I’m trying to speed up the time Nagios is taking to “converge” on a problem host.
I’m using the “execution_failure_criteria” feature (in both the service dependency definition and host dependency definition) to prevent service/host checks occuring on hosts where the parent host is down. I’m doing this in order to avoid Nagios checking for services/hosts that would not be available.
This is working great - in that it is correctly preventing unnecessary service checks from taking place and the problem host is being identified quicker.
However, because the check never takes place, the child service (and host) are always marked “OK”. It would be nice to be able to mark these as “unreachable” as soon as the parent host becomes unavailable, as indeed does happen - eventually - when all the child services/hosts are checked.

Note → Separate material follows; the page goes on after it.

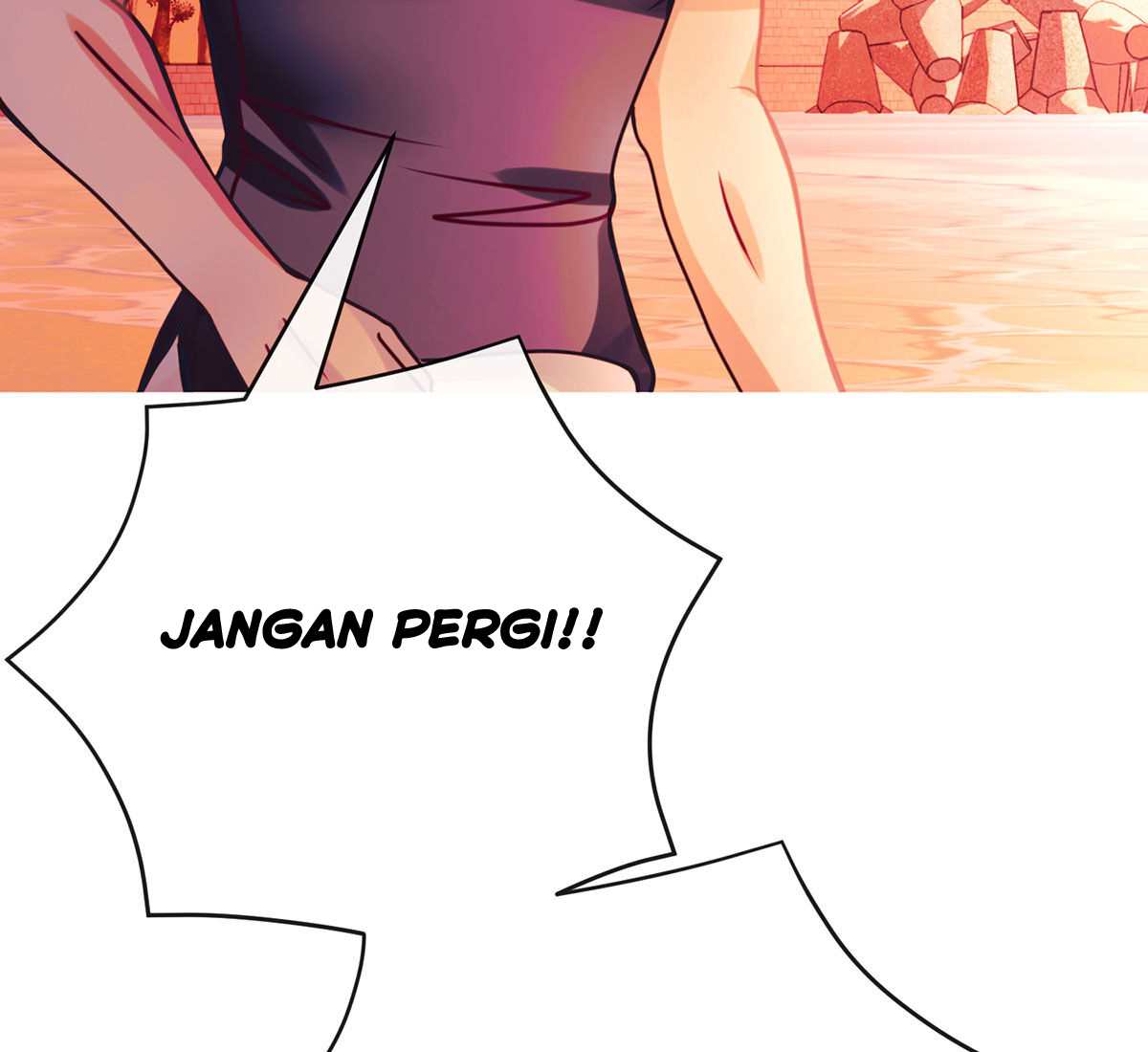 In Love With the Friend’s Mother - Chapter 37 236 In Love With the Friend’s Mother - Chapter 37 236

Anyone else doing or trying this kind of thing? (Running Nagios 2.0b3 by the way).
Thanks in advance.
I messed around with service/host dependencies. I monitor all the switches/routers in the company network and as you know, one usually depends on another, from nagios’ point of view.
But when I unplugged my network cable, it took a very long time for it to walk the dependancy tree, and find out, that the problem host was eth0 on localhost.
So what I settled with, was using the parent/child relationship that you give each host in the host.cfg file. Build that correctly and you will have only one host down and the rest will just be unreachable. Sure the checks may still occur, but at least you can then setup your notifications for only “down” “recovered” and not for “unreachable”.
We’ve got some very deep levels of dependencies here - up to 10 at most (we’re an ISP). I have all the parent/child relationships set up, plus dependencies for everything. (Not monitoring individual switch ports as well yet, though!)
I found that walking the dependency tree took too long, partly because of the depth involved and partly due to the number of checks I was doing. It’s now not too bad, where the problem host will get identified fairly quickly.
The problem is, dependent hosts are NOT getting marked Unreachable - they’re remaining at the OK state because once their parent is down no further checks are being made. This is the “execution_failure_criteria” that is introduced with Nagios v2 I think.
I don’t want to have Nagios waste time checking hosts that should be known to be unreachable, but I would like those hosts to be marked as unreachable on the status map.
I may just have to have a try at modifying the code for this one!
Yes, you are correct, it won’t bother to check the dependant host’s. But why would that be a problem? You surely don’t want to be notified about those other host’s, since they are most likely fine. You don’t want them to clutter up your status.cgi screen either. So if you can live with the amount of time it takes to walk the tree, I think it’s great that they are not marked as unreachable or even checked.
But, if you truely need them to be marked unreachable, then just use the parent/host relationship in the hosts.cfg file, and ignore the service/host dependancy.cfg files. That’s what I do, since I didn’t like the amount of time spent to find the problem host. And yes, all my hosts that are marked “unreachable” are still being checked every 5 minutes, but I haven’t found that to be a problem.
It’s not really a problem for me, but for others (for example bosses and receptionists) are not savvy enough to work out an upstream problem.
Anyway, I’ve removed the dependency checking so I do have it checking all the services once more. It’s not ideal but I can live with that. I also noticed that the roadmap for v3 of Nagios includes improved checking for downstream hosts so things can only get better.
Many thanks for your input.